## Record excerpts

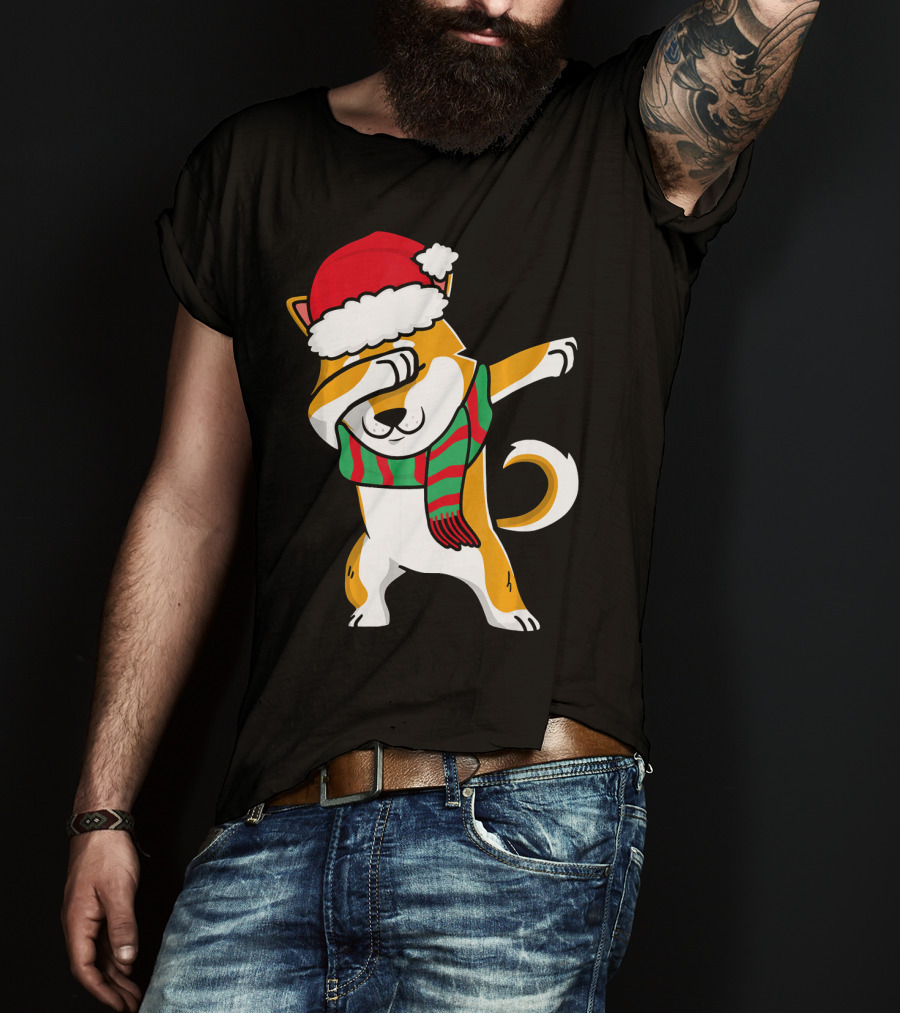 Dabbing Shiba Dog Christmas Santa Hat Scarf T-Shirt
* * *
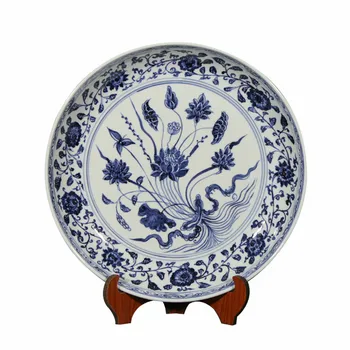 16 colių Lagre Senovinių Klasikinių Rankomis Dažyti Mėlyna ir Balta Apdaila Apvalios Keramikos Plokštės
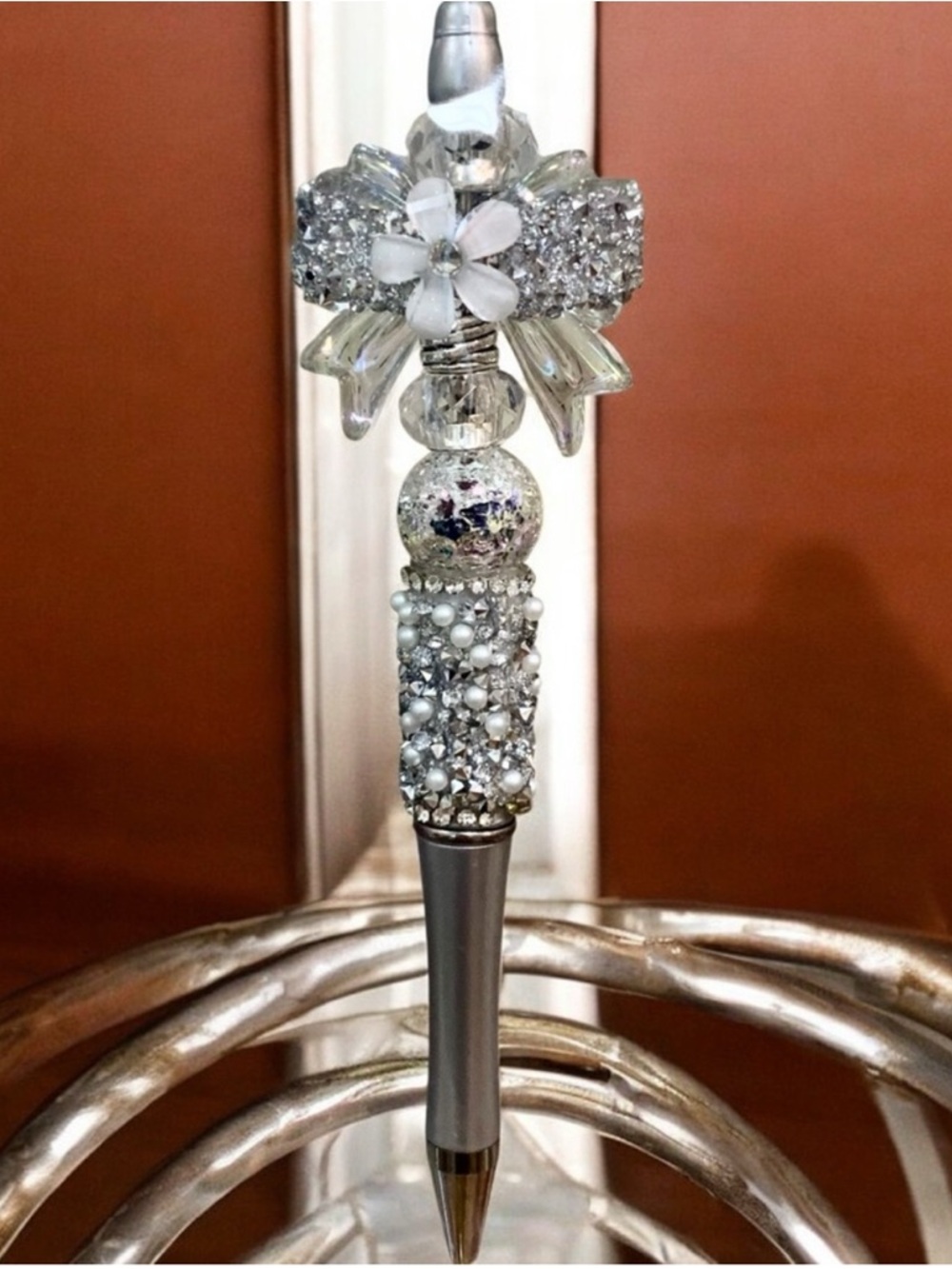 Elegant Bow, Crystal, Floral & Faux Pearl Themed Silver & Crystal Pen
==
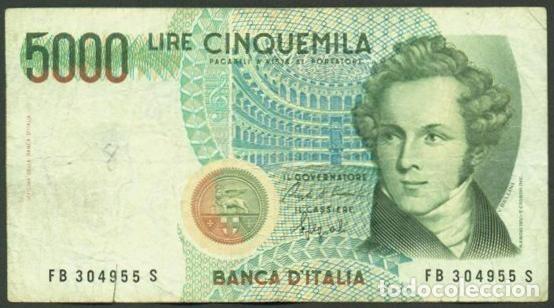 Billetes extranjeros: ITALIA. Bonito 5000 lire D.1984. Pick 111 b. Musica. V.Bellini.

## Work required
In the records above, find the line containing "16 colių Lagre" and the line containing "Elegant Bow, Crystal, Floral", then give both of them again word for word along with every line between. Omit any pictures.

## Response for this exercise
 16 colių Lagre Senovinių Klasikinių Rankomis Dažyti Mėlyna ir Balta Apdaila Apvalios Keramikos Plokštės
 Elegant Bow, Crystal, Floral & Faux Pearl Themed Silver & Crystal Pen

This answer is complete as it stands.